* _Your goal_:
Below are records with pictures in them. Transcribe everything from the line containing "s.Oliver T-Shirt in Weiß: Vorderseite" down to the line containing "Spigen Galaxy Z", exactly, and leave the pictures behind.

* _The records_:
+ + + + + + +

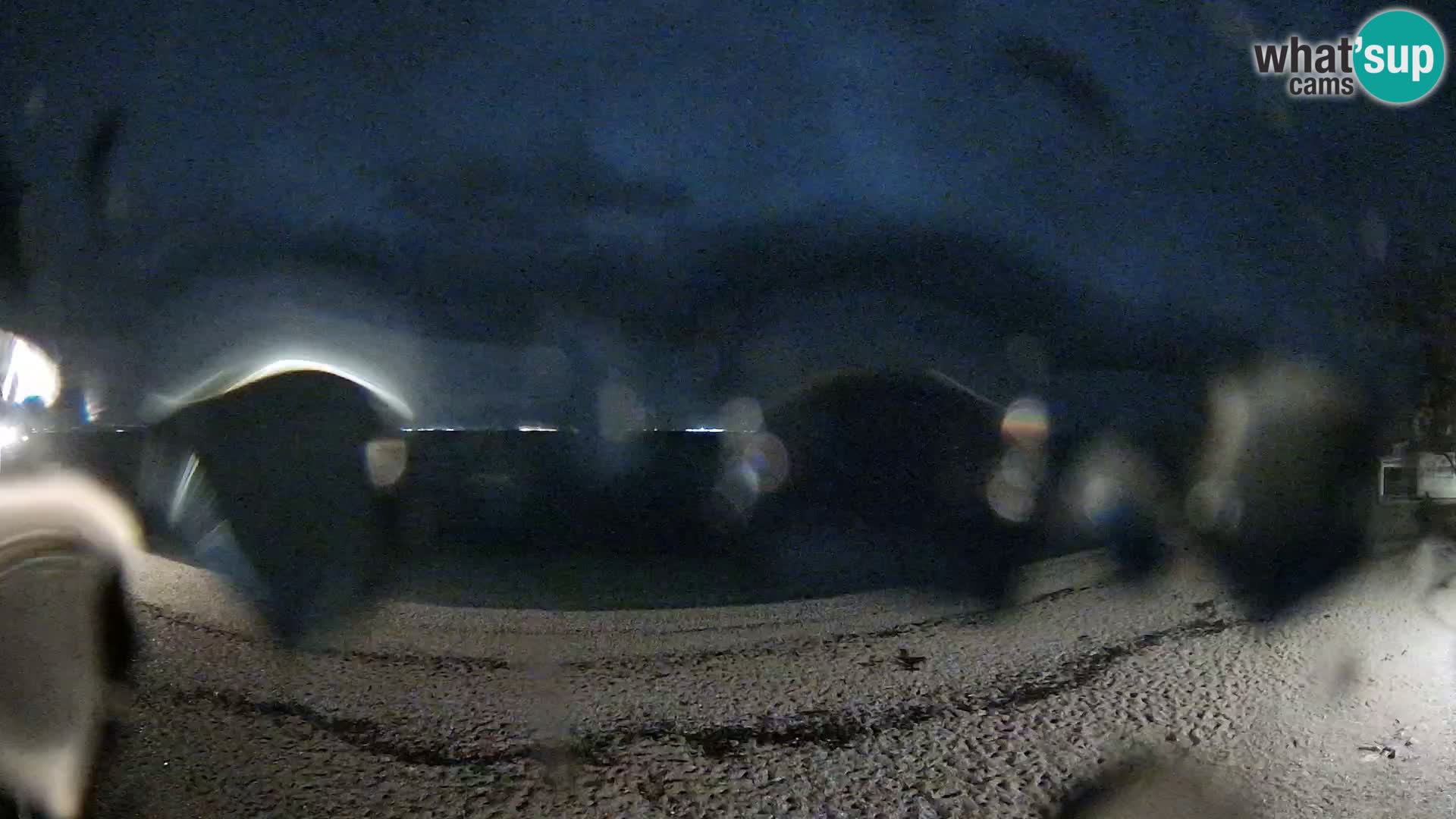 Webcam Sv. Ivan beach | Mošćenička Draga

+ + + + + + +

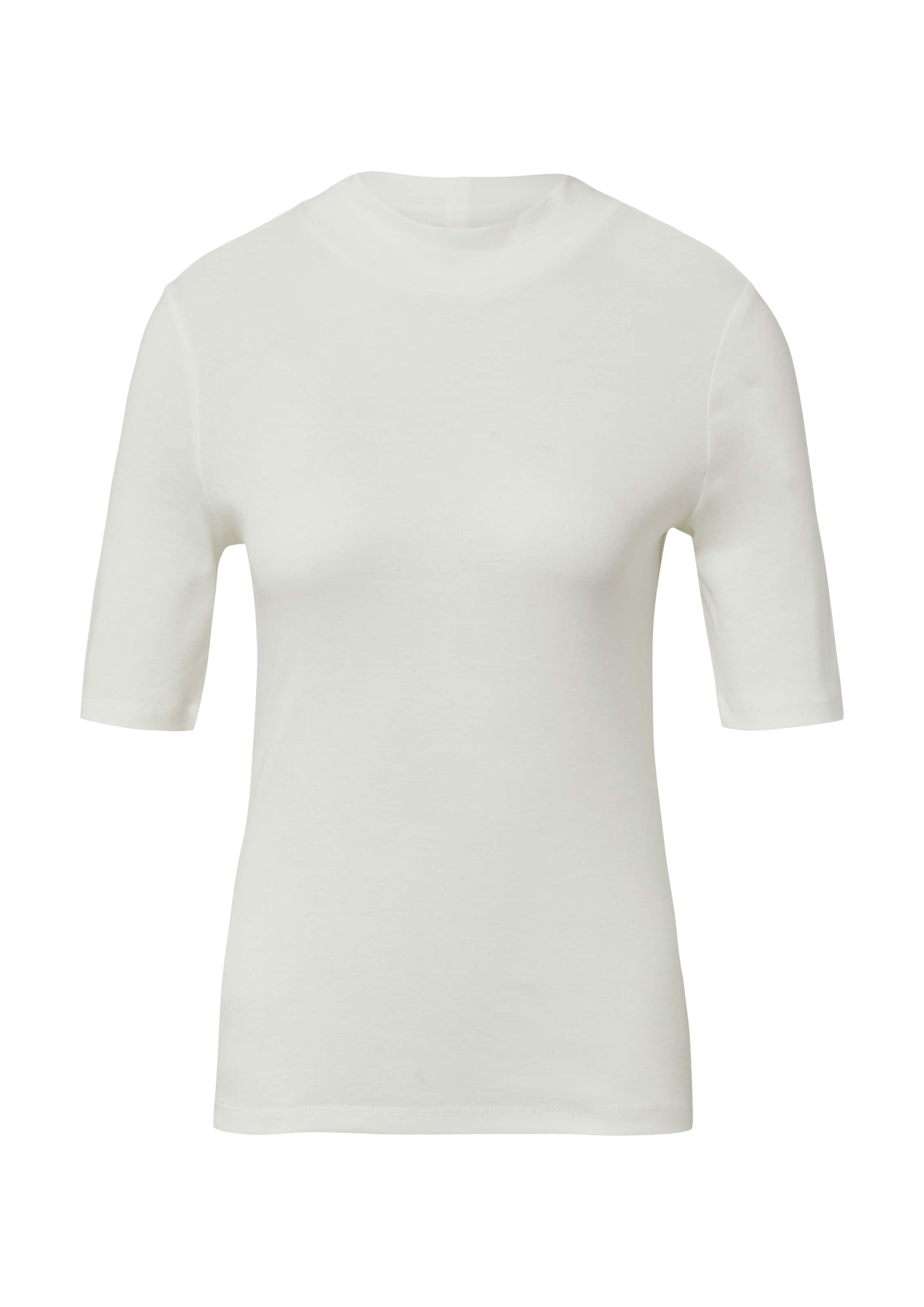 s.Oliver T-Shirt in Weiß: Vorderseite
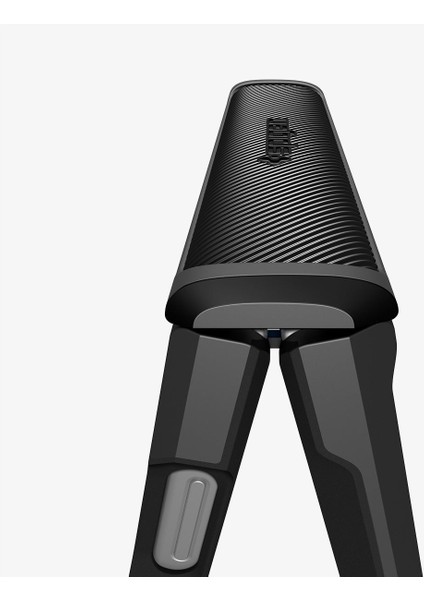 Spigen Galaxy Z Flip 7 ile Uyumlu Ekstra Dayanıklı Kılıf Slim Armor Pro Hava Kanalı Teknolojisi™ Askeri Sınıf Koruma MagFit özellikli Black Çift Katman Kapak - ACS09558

+ + + + + + +

* _Solution for this problem_:
 s.Oliver T-Shirt in Weiß: Vorderseite
 Spigen Galaxy Z Flip 7 ile Uyumlu Ekstra Dayanıklı Kılıf Slim Armor Pro Hava Kanalı Teknolojisi™ Askeri Sınıf Koruma MagFit özellikli Black Çift Katman Kapak - ACS09558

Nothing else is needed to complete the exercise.